By Cheri Rae
A pleasant-looking young man stood on the old front porch and knocked at the screen door. He introduced himself and I braced for the come-on. Typically, it’s someone from Los Angeles trying to sell magazine subscriptions; someone collecting money for an environmental cause playing the guilt card by showing me the pledges of support my neighbors have made; or even someone with one of those overly complicated, cockamamie stories claiming to need money for gas to get to some faraway destination.
This time it was different.
He began his story: “My name is Ben and I live a few blocks from here, where there is street cleaning. I need to park my car someplace where it won’t get towed while I visit my parents in Portland for a couple of weeks. You guys don’t have street cleaning here, so I was thinking it would work out.”
“Okay,” I replied, wondering what the gimmick was. “When do you leave?”
“My plane leaves in two hours,” he said sheepishly.
Before I could think, my critical parent voice responded: “And you just now thought about this?”
“Well, yes. It costs too much to leave the car at the airport, so I want to leave it here and I was just hoping that it would be okay with you if I put it here while I’m gone…” His voice trailed off, his eyes pleaded.
My heart softened; my nice mommy self jumped in and argued with my cynical self: He’s just a kid trying to be responsible and work things out.
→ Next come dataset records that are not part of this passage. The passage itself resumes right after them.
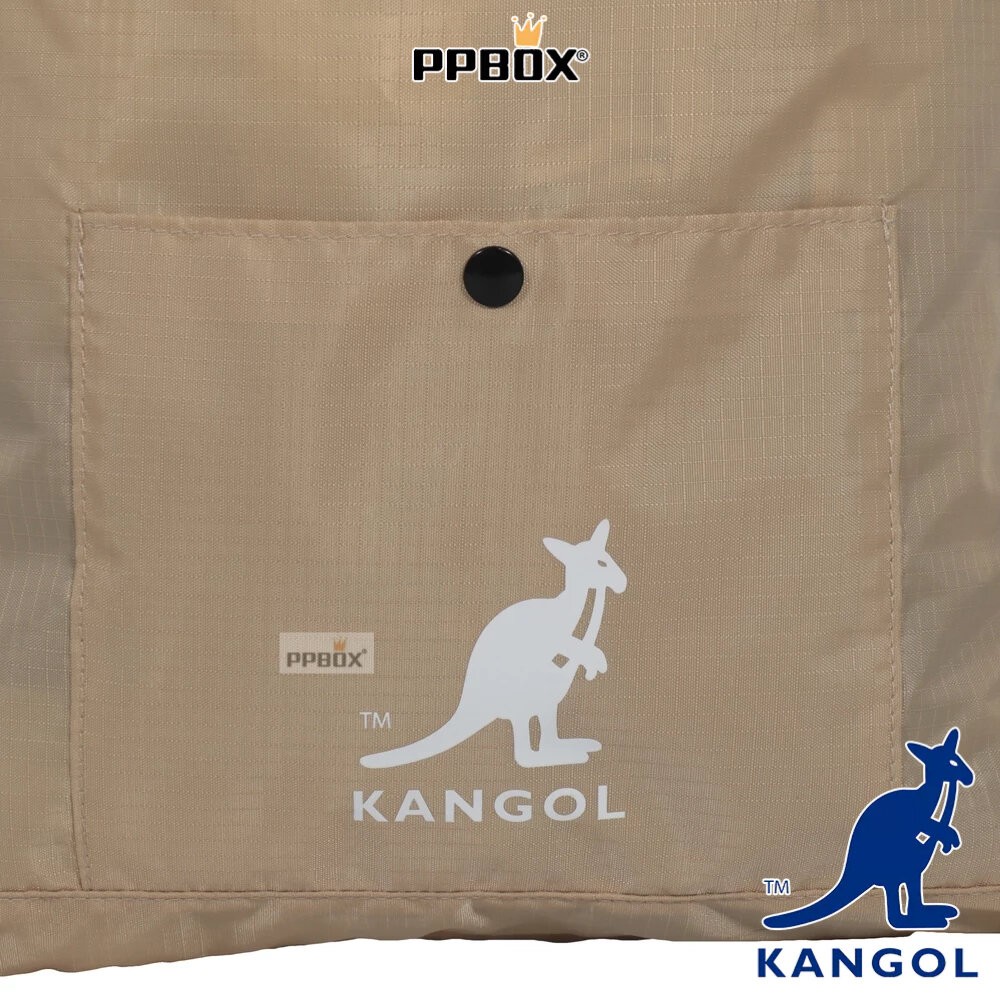 KANGOL 束口袋 防潑水背包 包包 【65258781】-細節圖8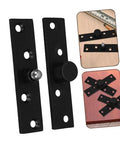 Secret Swivel Stainless Steel Exterior Door Hinge for Cabinets and Toilet Doors Hidden Door Hinge built to last design view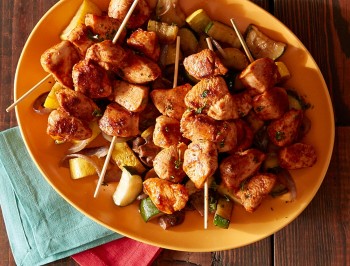 Spicy Harissa Chicken Kebabs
Why not help him? He could be one of your kids one day.
“You’re in luck,” I said, and showed him a place to park on the long parkway where it would have the least impact on the neighborhood. We would be the only residents affected, since there’s a vacation rental across the street with people coming and going all the time, and next door to that one, a neighbor who was off on vacation and never parks there anyway. This one car wouldn’t really make much difference, and no one would even notice, much less call it in for being there too long.
A few minutes later he parked the car; it sat there undisturbed, just getting dirtier day after day. And then one afternoon, I noticed it was gone. Ben must have returned home, I thought. Hoping he and his family had a nice visit, I pondered our own fast-approaching empty-nest syndrome and what it must be like for his parents to have him back home for awhile, and then to say good-bye again.
A couple days later, I opened the front door, and noticed a small envelope tucked in by the beveled glass. It was a Starbucks card with a handwritten note, “ Thank you for letting me park my car outside your house! Hope you enjoy Starbucks—Ben.”
I’ve always taught my kids to do more than is expected, and to express their appreciation. Obviously Ben’s parents taught him the same thing—a nice young man just making his way in life, in this Santa Barbara neighborhood, his home away from home, right where he belongs.